Clarity on the Application of Spain’s Beckham Law

Published on 1 February 2024

Unlike its European neighbours such as Italy and Portugal, Spain has extended the tax incentives for workers and entrepreneurs who move their tax domicile to Spain under the so-called Beckham Law.

The Spanish Income Tax Regulation, published in December 2023, has introduced relevant changes to the inpatriate tax regime, that we would like to comment on in this article.

Before going into detail, a brief overview: Currently the Beckham Law applies not only to employees, but also to company directors with controlling rights over the company, entrepreneurs, highly qualified professionals, digital nomads and remote workers as well as workers, who carry out training, research and development activities. Furthermore, children under 25 and the spouse or partner of the taxpayer may also benefit from these tax incentives. Under this regime, income from work or economic activities of up to EUR 600,000 is taxed at a fixed rate of 24 %.

One of the changes that has come at the hand of the Income Tax Regulation aims at the promotion of entrepreneurship in Spain: the regulation defines the term “entrepreneurial activity” (actividad emprendedora) as any activity of an innovative nature or of special economic interest for Spain. To qualify for the inpatriate tax regime in this modality, a favourable assessment by the National Innovation Company (Empresa Nacional de Innovación, ENISA) is required, as well as the residence permit for the exercise of the entrepreneurial activity.

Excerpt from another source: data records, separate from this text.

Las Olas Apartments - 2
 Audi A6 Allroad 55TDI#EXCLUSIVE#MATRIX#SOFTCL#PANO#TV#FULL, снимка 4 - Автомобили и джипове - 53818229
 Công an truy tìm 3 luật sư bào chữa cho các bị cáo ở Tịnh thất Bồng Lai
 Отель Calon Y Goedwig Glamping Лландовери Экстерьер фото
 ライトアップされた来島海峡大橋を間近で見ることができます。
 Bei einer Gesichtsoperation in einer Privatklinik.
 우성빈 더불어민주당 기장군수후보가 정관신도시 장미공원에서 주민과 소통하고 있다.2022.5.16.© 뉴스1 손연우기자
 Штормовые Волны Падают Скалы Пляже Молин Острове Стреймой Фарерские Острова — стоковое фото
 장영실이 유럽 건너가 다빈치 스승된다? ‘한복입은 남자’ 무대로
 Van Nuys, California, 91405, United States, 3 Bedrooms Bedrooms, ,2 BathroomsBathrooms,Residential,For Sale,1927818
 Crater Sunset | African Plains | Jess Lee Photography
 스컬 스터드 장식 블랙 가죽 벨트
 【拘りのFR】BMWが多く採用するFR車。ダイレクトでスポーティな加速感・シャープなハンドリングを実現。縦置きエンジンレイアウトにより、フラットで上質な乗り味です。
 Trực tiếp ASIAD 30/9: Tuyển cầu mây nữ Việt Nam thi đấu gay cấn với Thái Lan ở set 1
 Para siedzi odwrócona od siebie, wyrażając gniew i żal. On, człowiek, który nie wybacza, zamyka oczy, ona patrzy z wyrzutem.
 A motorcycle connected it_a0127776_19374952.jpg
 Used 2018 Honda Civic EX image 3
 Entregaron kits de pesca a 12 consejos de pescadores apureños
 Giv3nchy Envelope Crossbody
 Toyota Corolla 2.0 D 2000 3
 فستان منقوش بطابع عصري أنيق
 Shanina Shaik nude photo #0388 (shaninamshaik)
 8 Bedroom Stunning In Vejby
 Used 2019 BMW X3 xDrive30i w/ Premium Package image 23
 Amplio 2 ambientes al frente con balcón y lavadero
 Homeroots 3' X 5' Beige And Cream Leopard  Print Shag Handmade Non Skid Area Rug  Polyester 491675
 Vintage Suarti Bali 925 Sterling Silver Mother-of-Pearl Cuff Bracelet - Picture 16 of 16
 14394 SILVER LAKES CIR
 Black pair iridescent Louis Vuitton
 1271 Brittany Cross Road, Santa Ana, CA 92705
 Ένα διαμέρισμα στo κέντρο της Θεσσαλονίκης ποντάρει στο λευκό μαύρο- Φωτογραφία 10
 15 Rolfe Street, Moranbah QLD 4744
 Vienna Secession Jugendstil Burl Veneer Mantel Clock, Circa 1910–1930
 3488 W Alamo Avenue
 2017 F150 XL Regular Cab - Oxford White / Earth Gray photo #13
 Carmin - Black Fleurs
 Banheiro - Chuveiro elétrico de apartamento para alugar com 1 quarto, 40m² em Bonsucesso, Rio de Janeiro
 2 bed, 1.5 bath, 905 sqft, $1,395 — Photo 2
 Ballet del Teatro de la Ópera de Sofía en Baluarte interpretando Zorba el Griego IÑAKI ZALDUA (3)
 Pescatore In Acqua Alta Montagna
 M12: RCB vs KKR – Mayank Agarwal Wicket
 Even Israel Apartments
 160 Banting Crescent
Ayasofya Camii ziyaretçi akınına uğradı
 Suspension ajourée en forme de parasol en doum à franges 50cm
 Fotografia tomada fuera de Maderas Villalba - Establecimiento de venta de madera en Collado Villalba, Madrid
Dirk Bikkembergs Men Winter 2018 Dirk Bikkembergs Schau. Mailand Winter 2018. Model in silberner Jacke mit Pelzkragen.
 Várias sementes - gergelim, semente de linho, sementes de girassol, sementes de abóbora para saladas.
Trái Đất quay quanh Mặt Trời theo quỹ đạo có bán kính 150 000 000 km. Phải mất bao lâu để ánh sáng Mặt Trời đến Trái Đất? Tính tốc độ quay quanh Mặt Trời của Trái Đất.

Another option is to be recognised as highly qualified professional. This classification is granted to professionals with relevant degrees or who work in key sectors such as research, development and innovation. Obviously, the academic qualification and residence permit (this applies especially to professionals from third countries) must have been obtained prior to moving to Spain. In addition, candidates require a certificate issued by the company or institution they are going to provide their services to, which prove that the legal requirements are met.

Finally, we would like to highlight that inpatriates in Spain may apply this tax regime retroactively, if they have acquired their tax residence in Spain in 2023 due to moving to Spain in 2022 or 2023 before the ministerial order passing the new application form entered into force. The application deadline for this tax regime is six months, starting on 16 December 2023. In any case, we recommend seeking professional tax advice regarding the application of this transitional provision, in order to determine the conditions for its correct application.

In short, the Beckham Law is an opportunity for Spanish companies to attract talent to our country, and this against the backdrop of the currently particularly complex situation for recruiting highly qualified professionals in Europe.